Google Analytics (GA) has ruled the web analytics market for many years. Its deep feature set contributed to this, but the fact that it is free played a big part. From small businesses to hospitals to corporations, it was the choice of marketers and web teams.
The Government Speaks Out
In December, 2022 the U.S. Department of Health and Human Services (HHS) released a bulletin that changed everything:
Use of Online Tracking Technologies by HIPAA Covered Entities and Business Associates
The bulletin offers guidance on how to avoid sharing individually-identifiable personal health information (PHI) with tracking technologies like Google Analytics, Meta Pixel, and many more. The issue raised is the possibility of storing a visitor’s IP address alongside of the pages they’ve visited, like a medical condition page, which could indicate their medical condition. That data must be protected the same as any other PHI.
Out of the box, Google Analytics is officially not HIPAA compliant and they will not sign on to a BAA. And any other pixels or tracking codes that gather IP addresses and store them off site aren’t compliant, either (with a few exceptions).
To say that this is a hurdle for marketers is the understatement of the decade.
BAs, BAAs, and HIPAA
Any vendor you work with that will will access, store, or send PHI is referred to as a business associate (BA). To meet HIPAA compliance your organization and the BA must sign a business associate agreement (BAA). Talk to your legal team to find out what’s required in this regard.

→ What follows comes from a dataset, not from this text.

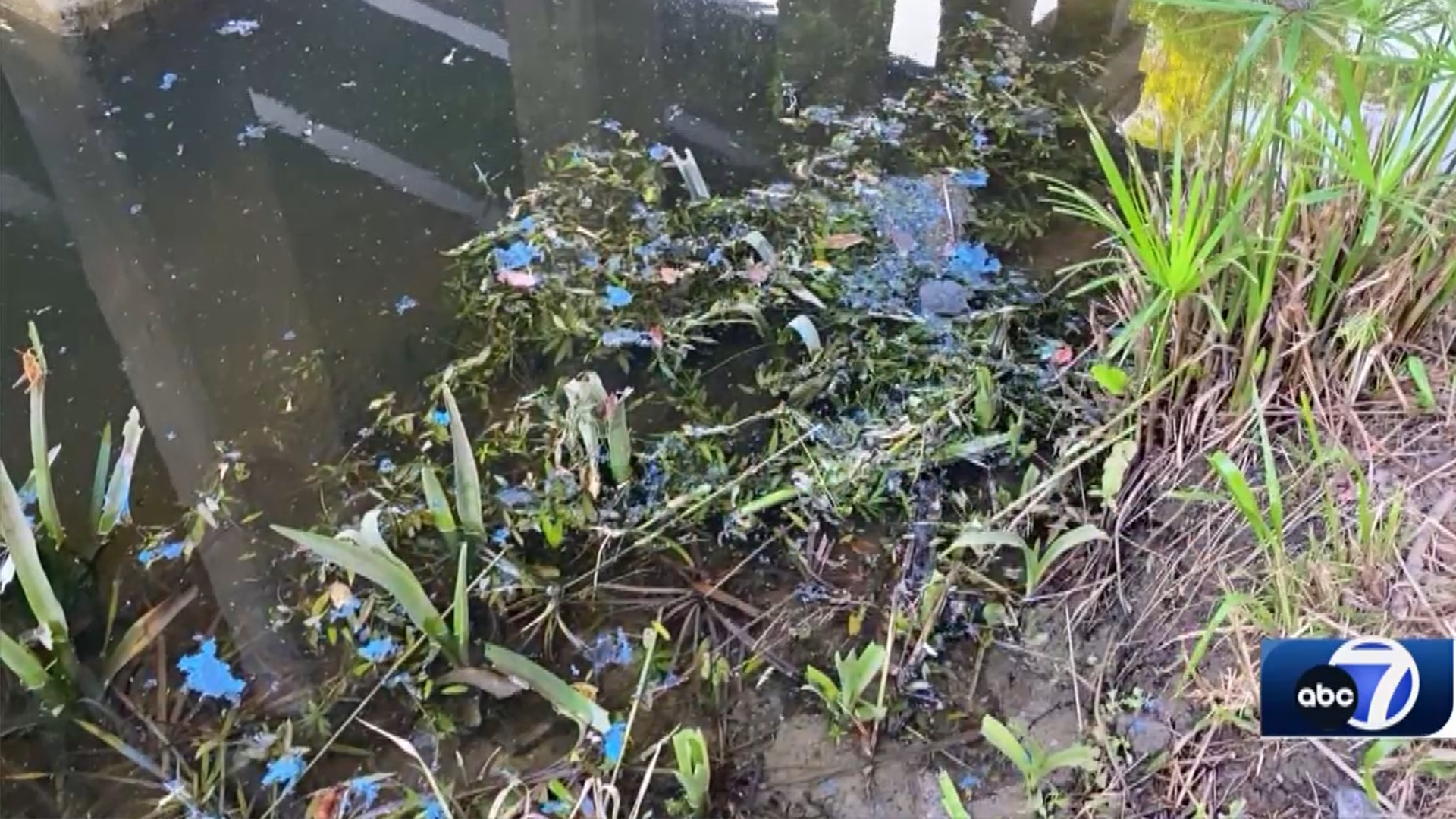 Wind blows paint from bridge into Orange River in Buckingham - Vimarsana News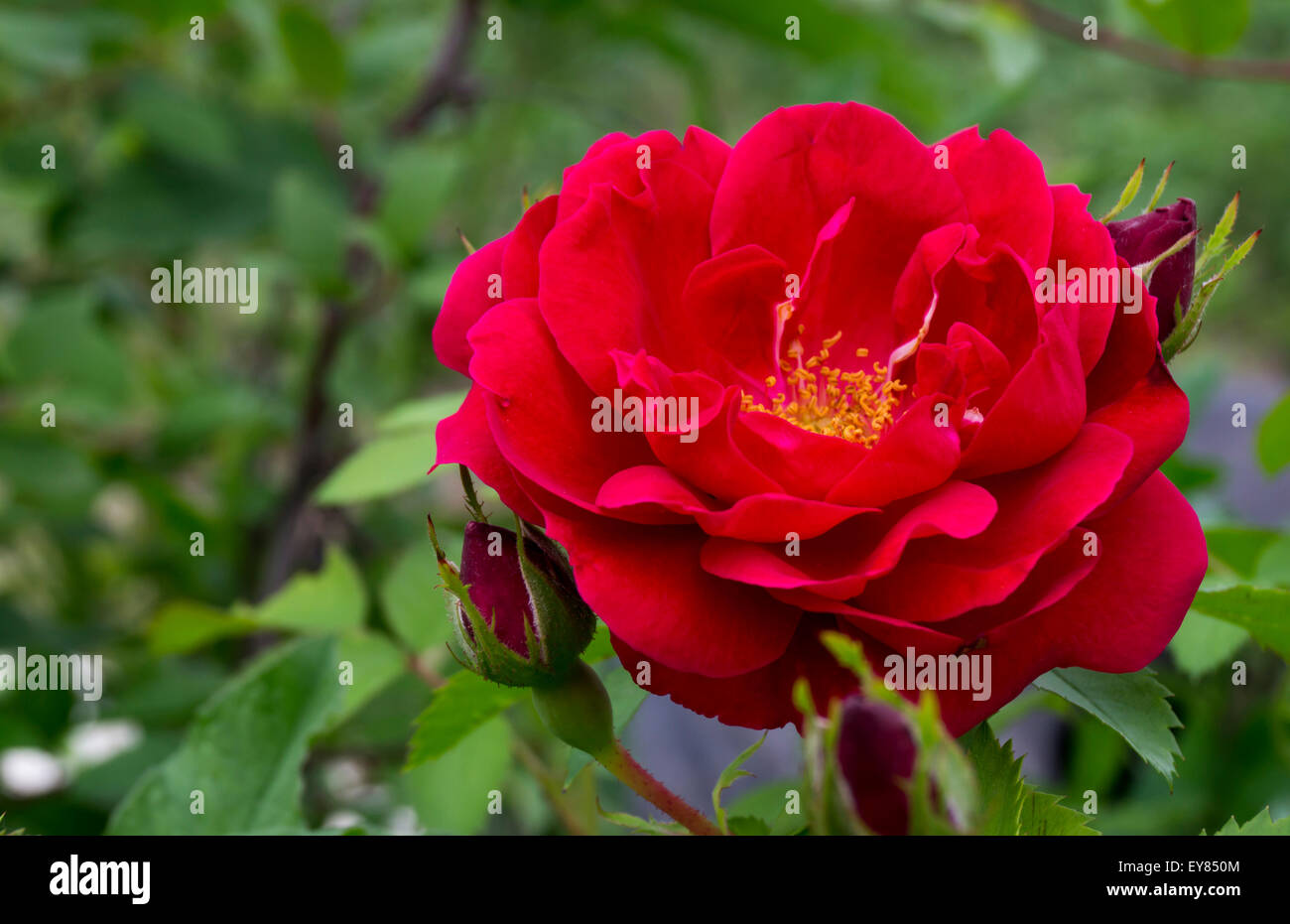 Fiore del decoro rose in giardino Foto Stock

Google Analytics (GA) is not designed to be HIPAA compliant and they don’t seem to be interested in that (their official stance).
Alternatives to Google Analytics
There are many web analytics tools and below is just a selection of popular ones that are, or can be, HIPAA compliant.
Freshpaint offers a HIPAA compliant platform that collects all your visitor data backed by a BAA, while letting you still used Google Analytics (or other tools) for analysis and reporting.
Matomo, formerly known as Piwik, is considered a good replacement for Google Analytics due to how similar it is in regards to the reports available and the user interface. It can be installed on your server or hosted by them in the cloud. Sites that use this tool include Ahrefs, Nasa, and the United Nations. Many parts of this tool are free, but you’ll need subscriptions for additional modules to make the most of it.
Piwik PRO is a closed source solution that (sort of) evolved from Piwik and so is comparable to Matomo. It can be installed on your server or hosted by them in the cloud. Pricing is not listed on their website, but is likely similar to Matomo’s as they are close competitors.
If you’re willing to step away from the model that GA established, there are other tools that take different approaches to their reporting. Mixpanel and Pendo, for instance, are popular in eCommerce and follow a product-centric model, following user paths through the marketing funnel. And Celebrus is a first-party data capture tool with options to integrate with fraud prevention and customer data automation tools.
And there are some products newer to the market worth considering, like Heap, Countly, and Plausible.
What’s the Risk?
If a class-action lawsuit is won against a health system regarding HIPAA and tracking technology due to the HHS bulletin, all health systems risk with go through the roof.
Act Now
If your healthcare organization is still using Google Analytics, look into whether you are well covered in regards to HIPAA. Many of your colleagues at other orgs are currently or have recently made the jump, so reach out to them to hear about their experiences. Consult with your legal teams today.